Debugging shape mismatches
Let's walk through what actually happens inside of Flux.train!(). The definition is actually surprisingly simple. Ignoring everything that doesn't matter to us, we are left with:
for d in data
gs = gradient(ps) do
loss(d...)
end
end
Therefore, let's start by pulling the first element out of your data, and splatting it into your loss function. You didn't specify your loss function or optimizer in the question. Although softmax usually means you should use crossentropy loss, your y values are very much not probabilities, and so if we drop the softmax we can just use the dead-simple mse() loss. For optimizer, we'll default to good old ADAM:
model = Chain(
LSTM(10, 256),
LSTM(256, 128),
LSTM(128, 128),
Dense(128, 9),
#softmax, # commented out for now
)
loss(x, y) = Flux.mse(model(x), y)
opt = ADAM(0.001)
data = zip(x_array, y_array)
Now, to simulate the first run of Flux.train!(), we take first(data) and splat that into loss():
loss(first(data)...)
This gives us the error message you've seen before; ERROR: DimensionMismatch("matrix A has dimensions (1024,10), vector B has length 12"). Looking at our data, we see that yes, indeed, the first element of our dataset has a length of 12. And so we will change our model to instead expect 12 values instead of 10:
model = Chain(
LSTM(12, 256),
LSTM(256, 128),
LSTM(128, 128),
Dense(128, 9),
)
And now we re-run:
julia> loss(first(data)...)
50595.52542674723 (tracked)
Huzzah! It worked! We can run this again:
julia> loss(first(data)...)
50578.01417593167 (tracked)
The value changes because the RNN holds memory within itself which gets updated each time we run the network, otherwise we would expect the network to give the same answer for the same inputs!

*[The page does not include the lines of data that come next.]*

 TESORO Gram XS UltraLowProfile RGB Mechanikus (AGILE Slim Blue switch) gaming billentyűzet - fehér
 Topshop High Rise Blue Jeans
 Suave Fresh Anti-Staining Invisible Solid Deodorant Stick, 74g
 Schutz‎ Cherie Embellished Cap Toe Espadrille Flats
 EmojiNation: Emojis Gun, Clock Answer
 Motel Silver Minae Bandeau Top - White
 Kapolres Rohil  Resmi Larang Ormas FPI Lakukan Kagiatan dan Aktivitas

The problem comes, however, when we try to run the second training instance through our network:
julia> loss([d for d in data][2]...)
ERROR: DimensionMismatch("matrix A has dimensions (1024,12), vector B has length 9")
Understanding LSTMs
This is where we run into Machine Learning problems more than programming problems; the issue here is that we have promised to feed that first LSTM network a vector of length 10 (well, 12 now) and we are breaking that promise. This is a general rule of deep learning; you always have to obey the contracts you sign about the shape of the tensors that are flowing through your model.
Now, the reasons you're using LSTMs at all is probably because you want to feed in ragged data, chew it up, then do something with the result. Maybe you're processing sentences, which are all of variable length, and you want to do sentiment analysis, or somesuch. The beauty of recurrent architectures like LSTMs is that they are able to carry information from one execution to another, and they are therefore able to build up an internal representation of a sequence when applied upon one time point after another.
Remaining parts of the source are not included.